I am 30 years old and have been investing Rs 1 lakh annually for the past three year in HDFC Prudence (Rs 50,000) and HDFC Balanced Fund (Rs 50,000). I want to know if I should continue with these funds or look for new funds. I would not like to have more than three funds at a time.
Having a small number of schemes in one’s mutual fund portfolio is always a good idea. It makes the portfolio more manageable and easier to track. I have a simple thumb rule in this regard—if someone taps you on the shoulder in a dinner party and asks you for your portfolio, you should be able to name the schemes without much trouble. However, just three schemes in a portfolio is probably a little less; you can still have a manageable portfolio with six or seven schemes in it and you will be able to cover all the important fund categories with that number.

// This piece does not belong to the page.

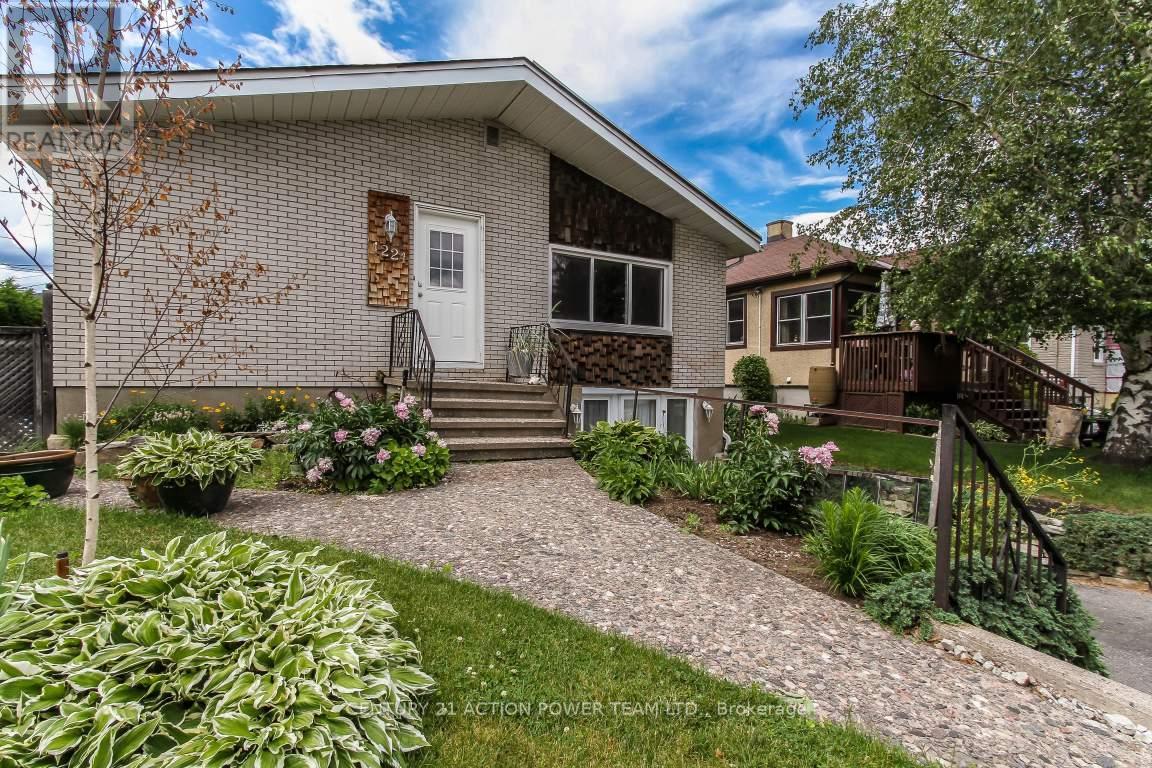 A - 1221 Kitchener Avenue, Ottawa, Ontario  K1V 6W4 - Photo 2 - X12691084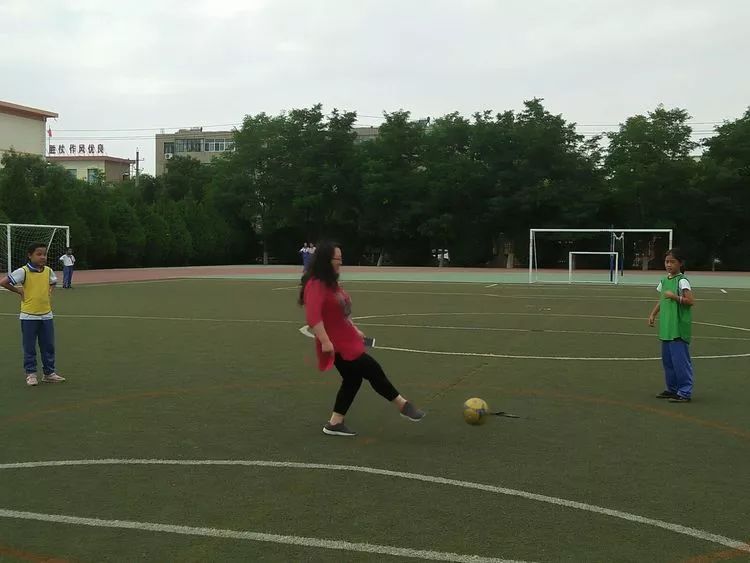 金昌市第四小学足球比赛,实验小学女子足球队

Regarding your portfolio, you have been investing in two balanced funds from the same fund house for the past three years. You should keep one of these two funds in your portfolio. Between them, you can simply choose the one that has done better. If your current investment timeline is at least three years, you would do well by replacing the other balanced scheme with a large-cap scheme such as Franklin India Blue Chip Fund or ICICI Prudential Dynamic fund.
I am 25 years old and invest Rs 2,000 each in Birla Sun Life 95, HDFC Balanced and Reliance Regular Savings Balanced. Now I would like to invest another Rs 10,000 every month. Please suggest funds that can give good returns. I can take risk at this point of time.
You have done well to start investing in equity-oriented balanced funds. For a new investor, such funds provide the opportunity for an exposure to the equity market with relatively less risk compared with all-equity funds.
It also allows investors to evaluate their risk tolerance and see if investing in equity market with its attendant volatility is something that suits them. It appears that in this case, you have done both—started investing in them and recognized that you can indeed accept the risks involved in equity market investing.
Hence, for the money you are planning to put into your portfolio, you can consider diversified equity funds with strong track record. You can add four funds—two large-cap funds for Rs 2,500 each, a small/mid-cap fund for Rs 2,500 and the remaining in a multi-cap fund. DSP BlackRock Top 100 and ICICI Prudential Bluechip could be the large-cap funds, IDFC Premier Equity can be the mid-cap fund, and HDFC Equity can be the multi-cap fund in your portfolio.